The term “class” in fastener industry usage can have different meanings depending on the characteristic it’s meant to describe, and the context of its usage. For example:
Class of Fit – All bolting components are manufactured to a specific class of fit. When making a purchase, buyers should specify a fit class that’s suitable for the fastener’s planned use. Fit classes range from Class 1 (loose) to Class 5 (very tight or “interference” fit for situations where fastener installation is meant to be permanent).
ASME engineering standard B1.1 defines fit classes and the respective allowances and tolerances permitted during the manufacturing process. The most common fit classes used for oil & gas industry bolting are Class 2 and Class 3.

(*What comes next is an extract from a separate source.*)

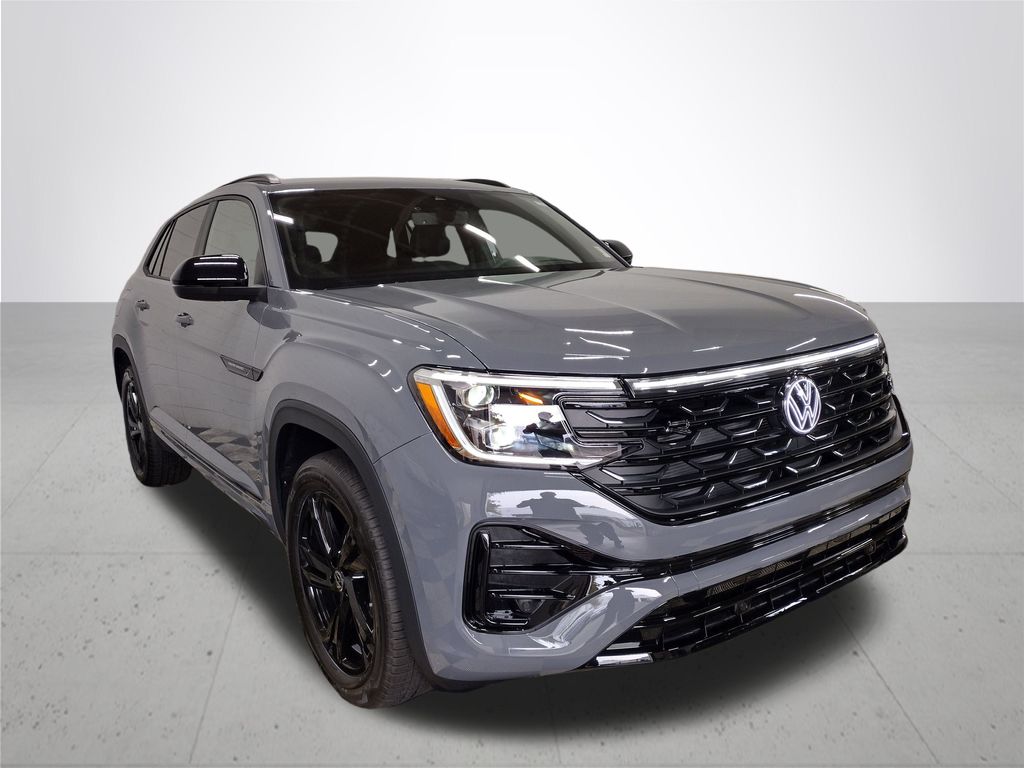 2026 Volkswagen Atlas Cross Sport 2.0T SEL R-Line Black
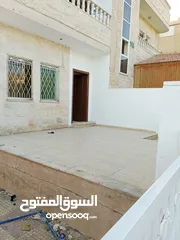  13 شقة أرضية شارع الكويتي الرئيسي للبيع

When customers order bolting, fit class is commonly specified following the fastener’s diameter and thread pitch. For example, 3/4-10 2A x 6-1/4 B7 Stud defines a B7 stud whose major diameter is 3/4", thread pitch is 10 TPI, class of fit is 2A, and length is 6‑1/4”. Remember, an “A” designator as part of thread class always indicates a male thread; a “B” designator always indicates a female thread, as in 3/4-10 2B 2H HH Nut.
Class of Coating Thickness – Coating thicknesses typically are measured in microns for electroplating, and mils for spray-applied or dipped coatings. Why the difference is measurement units? Electroplating thicknesses usually are very thin - less than one mil (25.4 microns, or 0.001”), thus when a thickness is specified in microns (e.g., 5 microns or Class 5), there’s a high probability the protective coating being used on the fastener is electroplating. This thickness designation practice is not universal since some customers specify both electroplating and spray-applied or dip-type coating thicknesses in microns. Conversely, others express coating thicknesses in mils (e.g., 0.5 mil, which is the same as Class 12 or 12 micron coating thickness).

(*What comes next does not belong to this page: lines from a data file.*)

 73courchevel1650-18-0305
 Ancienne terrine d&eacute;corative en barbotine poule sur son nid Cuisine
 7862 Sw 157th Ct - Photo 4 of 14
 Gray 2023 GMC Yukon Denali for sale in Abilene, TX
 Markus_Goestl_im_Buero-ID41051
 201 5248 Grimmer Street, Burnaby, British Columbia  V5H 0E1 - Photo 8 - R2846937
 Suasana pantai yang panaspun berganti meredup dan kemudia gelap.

Class also can refer to the thickness of protective chromate conversion treatments applied to zinc or cadmium electroplating. The three main categories of chromate treatments are clear, yellow, or olive drab/black, each progressively thicker, and more protective, up to about Class 20 (20 microns).

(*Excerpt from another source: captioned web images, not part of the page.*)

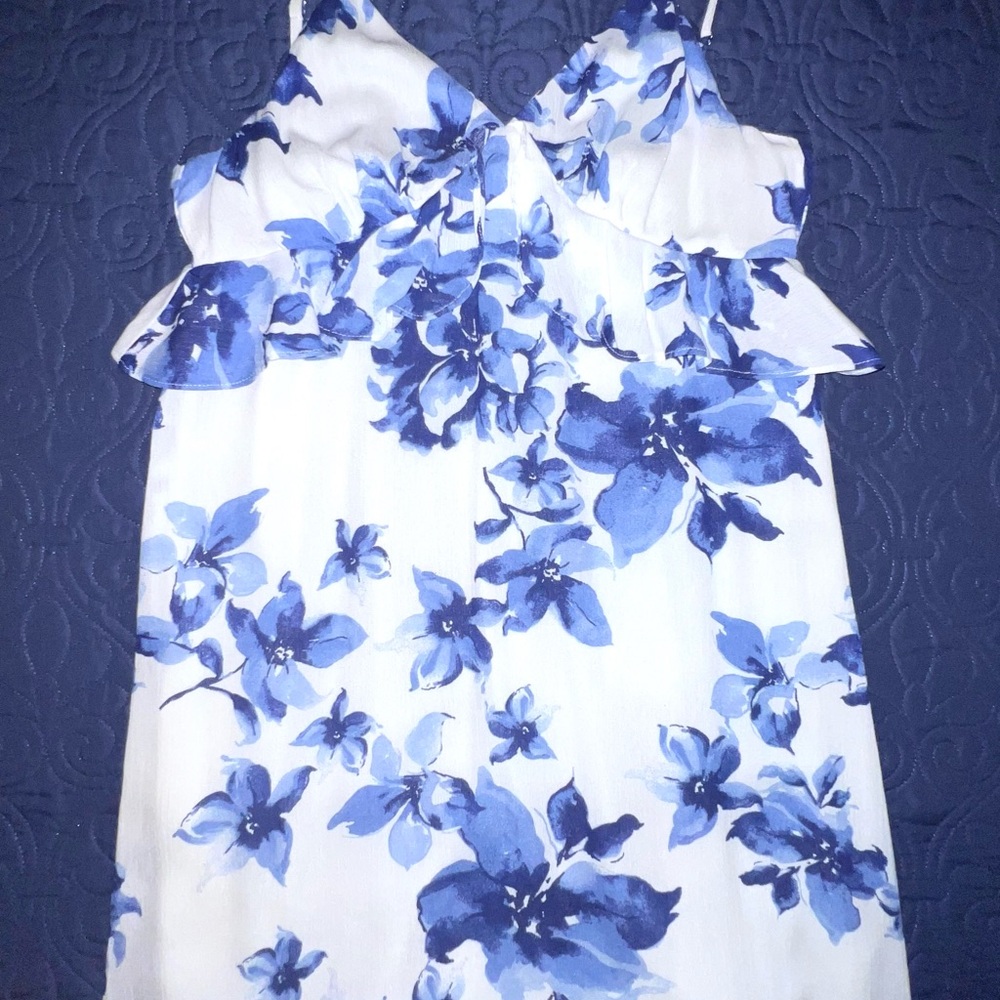 LULU'S ISLAND TIME BLUE & WHITE FLORAL RUFFLE MIDI DRESS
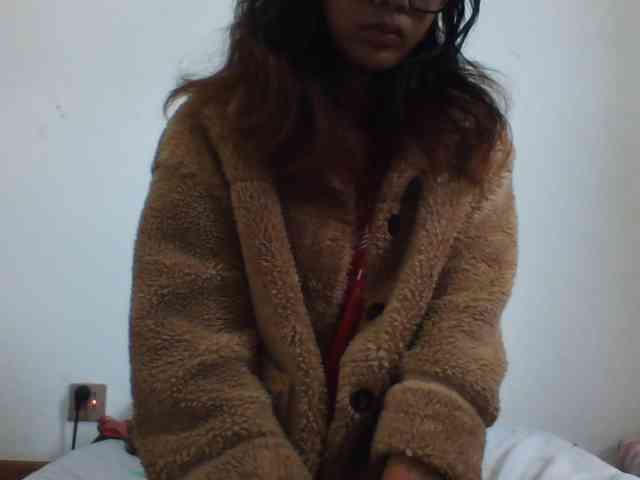 PrettyLie webcam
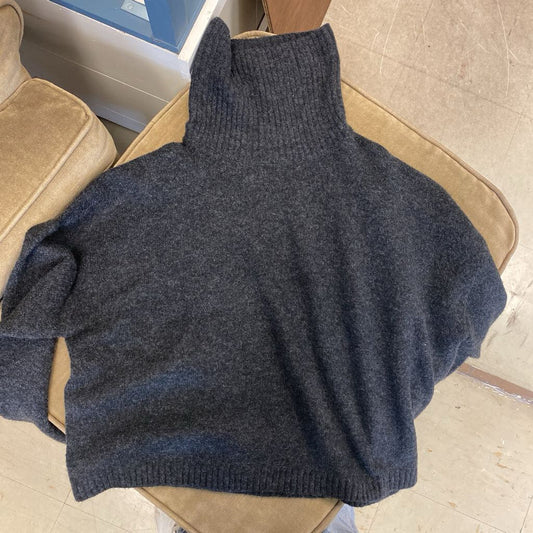Dynamite Grey Sweater Size XL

Class of Material Condition – The mechanical properties of some steels can be enhanced by a process known as work hardening or “strain hardening.” Stainless grades B8 (304) and B8M (316) are particularly well suited for this process since both yield and tensile mechanical properties are increased by strain hardening. The internal crystalline structure of a steel bar undergoing strain hardening is altered such that it begins to increasingly resist further changes making the material harder and stronger in the process. Round bars typically are strain hardened by pulling the bars through a drawing die similar to wire drawing. In the un-strain hardened condition, stainless materials are called Class 1. After strain hardening, they are categorized as Class 2.